The previous design basing on seed curve extension algorithm is done for a single field point. In order to further optimize the freeform surface to cover a larger field of view, the freeform surface has to be expressed by a set of appropriate polynomials. The coefficients of these polynomials can be further optimized with a commercial optical design software, such as Zemax. There are a number of polynomials that can be used as analytical expressions of the freeform surface, such as the Zernike polynomials, the Chebyshev polynomials, and the extended polynomials. In this paper, the XY extended polynomials are employed to describe the freeform surface. The optical system in this paper is symmetrical about the YOZ plane, therefore, only even-order terms in x are used in the XY polynomials. A base conic surface and 11 added polynomial aspheric terms up to fifth order are used.
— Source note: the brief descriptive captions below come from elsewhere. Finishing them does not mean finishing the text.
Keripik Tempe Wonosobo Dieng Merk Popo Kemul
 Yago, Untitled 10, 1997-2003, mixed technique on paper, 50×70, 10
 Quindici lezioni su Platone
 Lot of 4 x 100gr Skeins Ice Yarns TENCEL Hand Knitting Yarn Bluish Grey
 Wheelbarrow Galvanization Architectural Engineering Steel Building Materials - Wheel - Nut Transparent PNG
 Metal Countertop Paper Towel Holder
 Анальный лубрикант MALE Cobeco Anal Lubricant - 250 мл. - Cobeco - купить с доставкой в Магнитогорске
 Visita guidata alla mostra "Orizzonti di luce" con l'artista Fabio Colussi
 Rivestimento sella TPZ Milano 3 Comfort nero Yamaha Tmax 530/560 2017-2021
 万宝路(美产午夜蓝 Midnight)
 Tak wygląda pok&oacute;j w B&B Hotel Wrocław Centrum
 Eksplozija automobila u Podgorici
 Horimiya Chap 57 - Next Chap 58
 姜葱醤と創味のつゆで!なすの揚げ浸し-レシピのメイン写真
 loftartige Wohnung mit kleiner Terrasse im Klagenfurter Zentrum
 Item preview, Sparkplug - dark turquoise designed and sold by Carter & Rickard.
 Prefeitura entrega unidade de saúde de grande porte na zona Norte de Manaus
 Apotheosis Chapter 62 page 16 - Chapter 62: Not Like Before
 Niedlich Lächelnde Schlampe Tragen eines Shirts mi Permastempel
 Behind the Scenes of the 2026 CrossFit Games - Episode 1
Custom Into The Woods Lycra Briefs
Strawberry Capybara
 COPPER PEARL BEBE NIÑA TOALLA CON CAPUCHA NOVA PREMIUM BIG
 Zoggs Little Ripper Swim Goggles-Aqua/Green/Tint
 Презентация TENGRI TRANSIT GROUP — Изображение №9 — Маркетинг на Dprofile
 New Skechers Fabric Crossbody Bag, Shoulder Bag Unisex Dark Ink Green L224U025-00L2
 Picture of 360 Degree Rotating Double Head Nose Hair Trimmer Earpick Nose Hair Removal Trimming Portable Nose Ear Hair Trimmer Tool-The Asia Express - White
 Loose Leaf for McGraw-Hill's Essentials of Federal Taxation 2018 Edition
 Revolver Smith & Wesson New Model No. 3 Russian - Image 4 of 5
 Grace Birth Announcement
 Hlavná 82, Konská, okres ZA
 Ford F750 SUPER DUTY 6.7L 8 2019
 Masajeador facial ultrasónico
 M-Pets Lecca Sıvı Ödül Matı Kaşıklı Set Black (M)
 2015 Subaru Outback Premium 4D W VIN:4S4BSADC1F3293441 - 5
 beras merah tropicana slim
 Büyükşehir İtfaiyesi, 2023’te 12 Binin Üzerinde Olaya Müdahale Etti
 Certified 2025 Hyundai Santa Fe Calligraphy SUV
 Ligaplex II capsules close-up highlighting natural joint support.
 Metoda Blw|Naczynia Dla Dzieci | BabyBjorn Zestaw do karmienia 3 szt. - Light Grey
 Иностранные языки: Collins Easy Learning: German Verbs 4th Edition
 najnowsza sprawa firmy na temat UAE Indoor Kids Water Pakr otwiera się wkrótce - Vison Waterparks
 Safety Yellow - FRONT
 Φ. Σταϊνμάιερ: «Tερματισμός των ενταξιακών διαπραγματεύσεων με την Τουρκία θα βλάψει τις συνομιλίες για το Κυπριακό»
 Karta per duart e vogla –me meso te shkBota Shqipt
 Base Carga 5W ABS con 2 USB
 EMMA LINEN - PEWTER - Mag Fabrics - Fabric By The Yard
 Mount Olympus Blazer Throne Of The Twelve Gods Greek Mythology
The surface sag is of the form [1, 7]:

$$ {\displaystyle \begin{array}{l}z=\mathrm{f}\left(x,y\right)\\ {}\mathrm{f}\left(\mathrm{x},\mathrm{y}\right)=\frac{c\left({x}^2+{y}^2\right)}{1+\sqrt{1-\left(1+k\right){c}^2\left({x}^2+{y}^2\right)}}+{A}_2y+{A}_3{x}^2+{A}_5{y}^2+{A}_7{x}^2y\\ {}+{A}_9{y}^3+{A}_{10}{x}^4+{A}_{12}{x}^2{y}^2+{A}_{14}{y}^4+{A}_{16}{x}^4y+{A}_{18}{x}^2{y}^2+{A}_{20}{y}^5,\end{array}} $$
(4)

Where c is the curvature of the base conic surface, k is the conic coefficient, and Aq is the q-th polynomial coefficient. In order to find the optimal fitting parameters (c, k, Aq), an evaluation function is constructed as Eq. (5).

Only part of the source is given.